雅史は夜になって美良の実家を訪ねた。今後の方針を決める為だ。誰もが同じことをしていても無駄になるからだ。
美良の実家は両親と美良と姫星の姉妹で四人家族だ。両親ともに教育関係者をしており、妹の姫星(きらら)はまだ高校生だった。
「ご無沙汰しております」
ご無沙汰と言っても先月来たばかりだ。一人暮らしの雅史の健康を気遣って、美良の母親が定期的に夕食に招いてくれるのだ。非常に美味しい料理と『んっ?』となる料理があるが、後者が美良の手作り料理である事は明白だった。

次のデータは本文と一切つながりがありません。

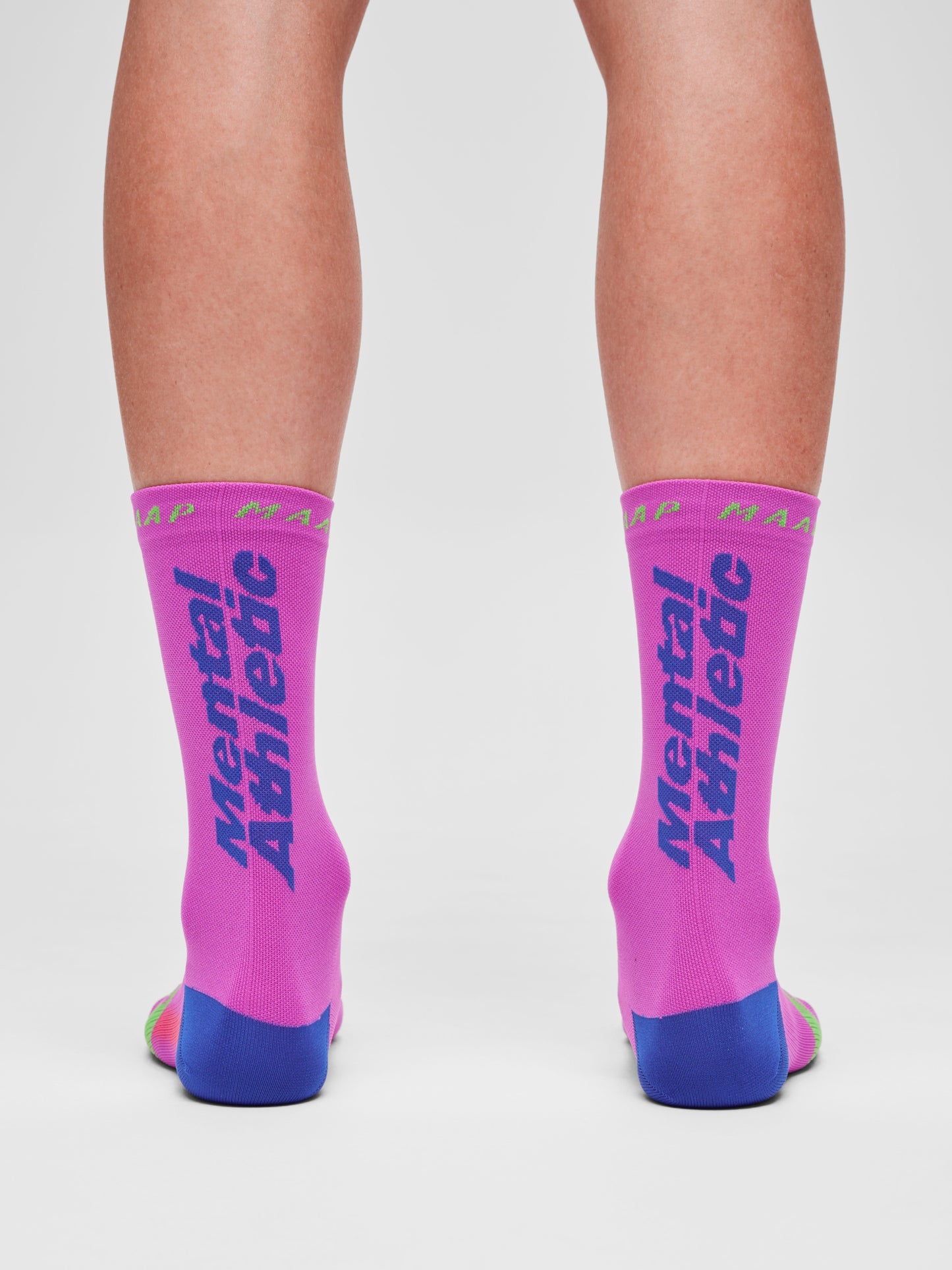 Team Sock Violet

時々、明らかに料理の次元を超えた物が出て来るが、それは妹の月野姫星(つきのきらら)特製手料理であろう。
「学会が近いのに済まないね。 まったく、美良はどこをほっつき歩いているんだか……」
自分の恩師でもある父親が憔悴したように言ってきた。碌に睡眠を取ってないのか目の下に隈を作っていた。
「いえ、自分は大丈夫です。 先生こそ大丈夫ですか?」
雅史は相手を気遣いつつも、お茶を持って来てくれた母親に軽く頭を下げて、鞄の中からいくつかの記事を印刷したものを取り出した。
「実は地方新聞の記事を見ていて気が付いたのですが、美良さんが尋ねた神社や寺には泥棒が入っていたようですね」
雅史は美良が村に行く何日か前に、神社と寺に泥棒が入ったとの記事を見つけていた。大した被害は無かったらしいが、詳細は不明だった。この件は村に行って直接聞いてみる事にしている。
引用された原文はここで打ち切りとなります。